Un inganno che è la gioia degli uomini che mi invitano a cena. Pur mangiando quantità di cibo industriali, infatti, non permetto mai al conto di lievitare per sorsi d’annata.
Invece, quando comunico in generale la mia avversione nei confronti del nettare degli dei, leggo spesso sgomento negli occhi di chi mi ascolta.
Di certo rimarrebbero strabiliate le intervistate nell’articolo Passione sommelier pubblicato su Confidenze in edicola adesso: donne che per motivi diversi hanno frequentato un corso per diventare enologhe professioniste.
Con un po’ di fantasia, ho provato a immaginarmi nei loro panni e ho subito capito che quel mestiere farebbe di me una disoccupata senza speranza. Anche perché se mi iscrivessi a una scuola, mi caccerebbero alla prima lezione: oltre a non amarli, di vini non capisco un fico secco.
E’ vero, però, che non avere neanche un litro in casa significa non poter invitare nessuno. Quindi, al supermercato mi metto sempre di buzzo buono e mi piazzo davanti al bancone con la seria intenzione di superare lo scoglio “non so comprare il vino”. Ma ogni volta finisce che, in preda al panico, telefono alle amiche e chiedo a loro, in diretta, i consigli per gli acquisti.
Peccato che poi, una volta a casa, non ricordi minimamente come abbinare cibi e bottiglie. Allora mi faccio furba, snocciolo il menu, lascio agli ospiti la scelta sull’accompagnamento giusto. E mentre loro spulciano nella mia “cantina”, io incrocio le dita sperando che trovino il beveraggio adatto.
D’altronde, che venire da me non sia come aver prenotato nella più esclusiva enoteca non è un segreto per nessuno.
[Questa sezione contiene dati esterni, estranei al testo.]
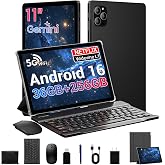TOPWHA 11 Inch Tablet Android 16 Tablet with Gemini AI, 2K FHD Display Tablets, 36GB RAM 256GB ROM, Octa-Core T615, 2-in-1 with Keyboard, 8000mAh,5G WiFi&amp;16MP Camera, Widevine L1 for Stream Black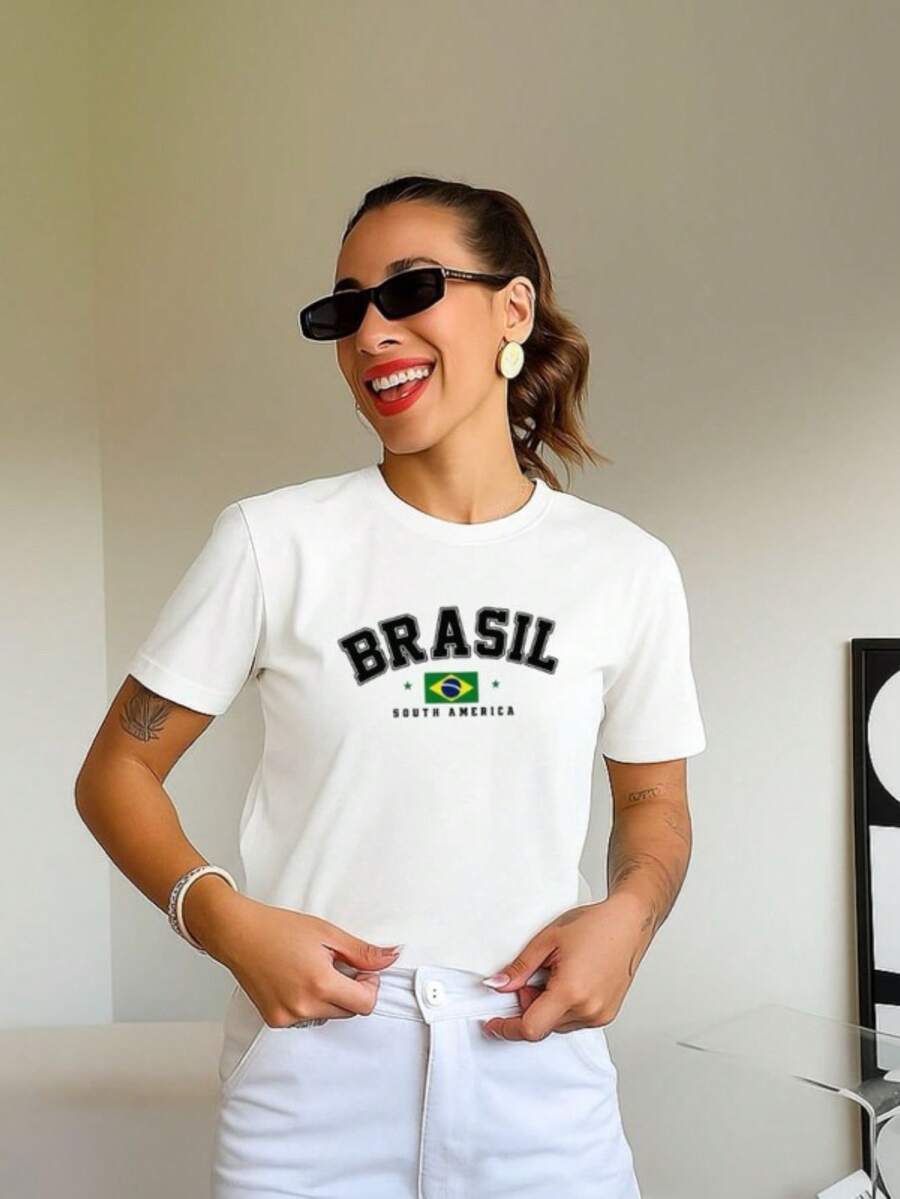 Women's T-Shirt With Brazil World Cup Print, Cotton Blouse, Round Neck - Blanco - Ver 1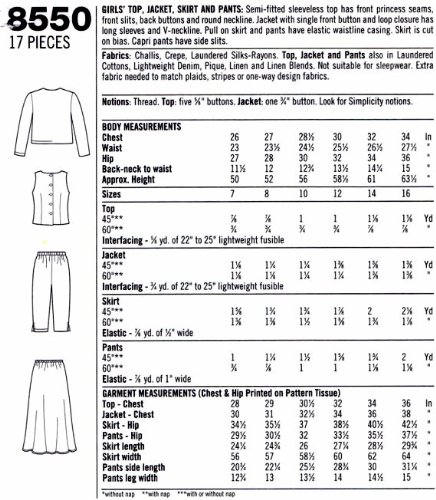 Patron Simplicity 8550 ensemble fille veste et jupe tailles 12-16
Tant’è che chi mi frequenta sa benissimo che nel mio gargarozzo scende solo coca zero. Che considero il top del top con qualunque cosa ci sia nel piatto, dentro un panino, spalmato su una tartina, raccolto in una ciotola o dimenticato nella pentola.
Attenzione, però: non parlo della coca tradizionale, di quella dolcificata con la stevia o la versione senza caffeina. No, il mio champagne millesimato è proprio la zero. Che riconosco immediatamente, anche a occhi bendati. Esattamente come se avessi seguito un ambito corso per sommelier. Magari un po’ particolare, ma lo stesso da diploma.